Andy Rabagliati wrote:
It will take me a week or so to get a good look at
these - but -
a question for the developers - am I right to only accept files
matching ./en/[0-9a-f]/../* from the archive ?
Presumably uploads are just hashed into these dirs ?
Yes, that's correct. The directory name is derived from the MD5 hash of
the filename.
There are a few pics that come with the mediawiki
software that I
would, naturally, leave alone.
In the first (Jun) archive /thumb/* was about 700Meg, and /archive/*
was similar. There were also a lot of encyclopedia pics in the
root dir - I threw them all away without noticing anything untoward.
In the real root directory there's symlinks to images in the other
directories, apparently left there to avoid breaking URLs used in an
earlier version of the software. Obviously tar has converted them from
symlinks to duplicates. You can delete them.
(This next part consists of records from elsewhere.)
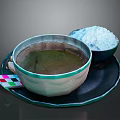 Carved Ceramic Bowl Sculpture With Liquid And White Powder On Plate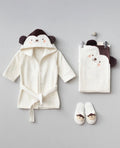 Baby Hooded Bathrobe Set with Hooded Towel & Slippers – Soft Plush Baby Bath Gift Set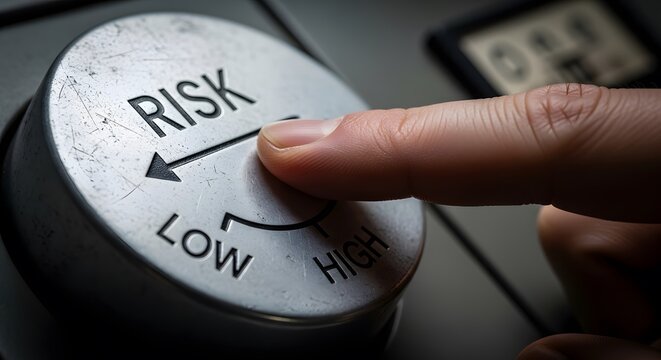 Finger pressing risk button on control panel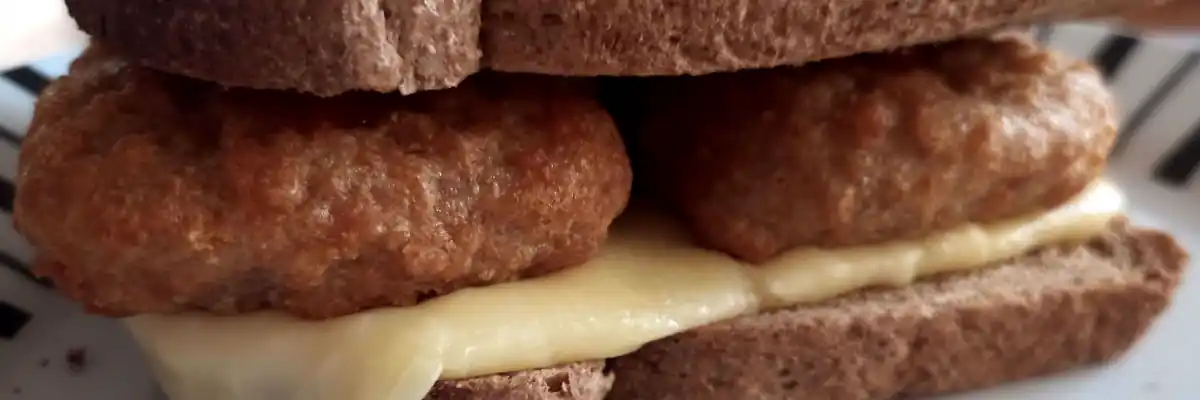 air fryer spam fritters in bread with cheese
I might run a script over the archive and convert
large images
to ones of the same size but, say, 70% quality. I imagine I
could easily halve the archive size that way.
Quite likely.
If there are other regexes that would catch files
resized by the
server I would be very grateful for the hint.
The thumb directory contains all the images resized automatically,
although the ./en/[0-9a-f] directories will contain some duplicate
images resized by hand.
-- Tim Starling